Directions for this task:
Return the material below exactly, but only from the line with "Cháy khách sạn" through the line with "FIAT Strada 1.8", and without its pictures.

The records:
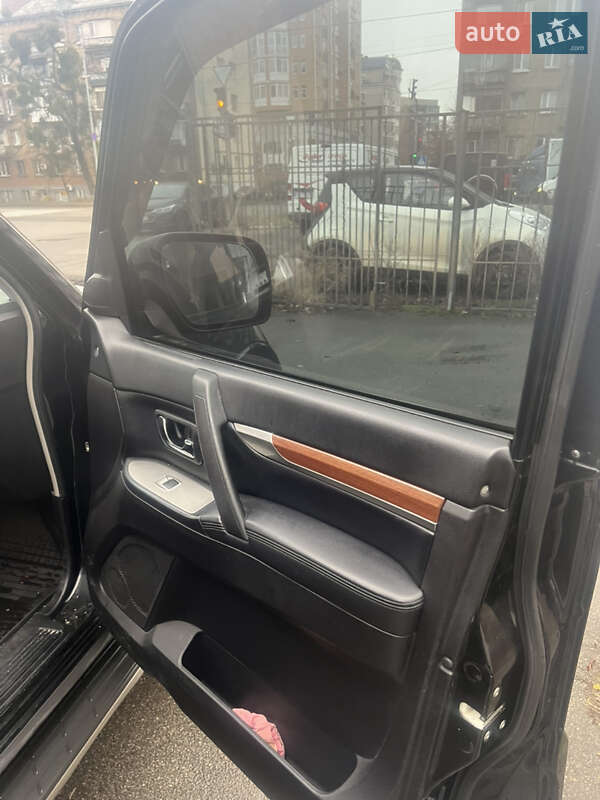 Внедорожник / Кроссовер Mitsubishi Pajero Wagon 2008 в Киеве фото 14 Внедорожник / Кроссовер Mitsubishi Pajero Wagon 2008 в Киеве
==
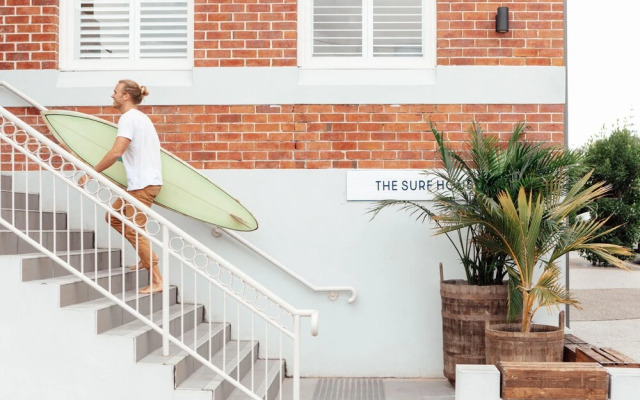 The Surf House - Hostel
--
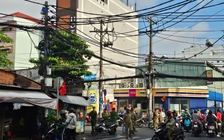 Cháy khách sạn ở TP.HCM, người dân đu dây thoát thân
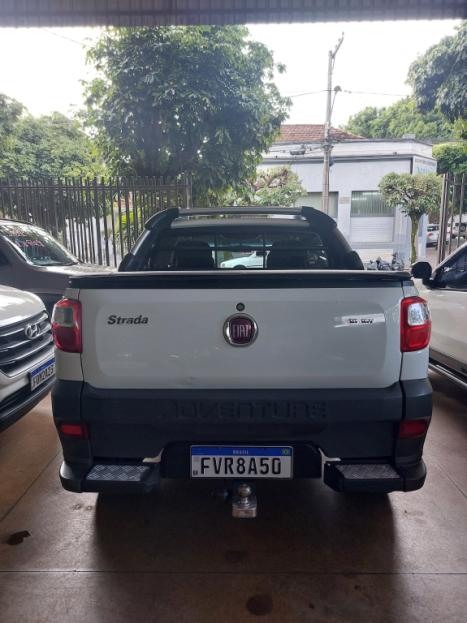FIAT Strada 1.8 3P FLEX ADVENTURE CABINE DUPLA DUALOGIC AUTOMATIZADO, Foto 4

Task answer:
 Cháy khách sạn ở TP.HCM, người dân đu dây thoát thân
FIAT Strada 1.8 3P FLEX ADVENTURE CABINE DUPLA DUALOGIC AUTOMATIZADO, Foto 4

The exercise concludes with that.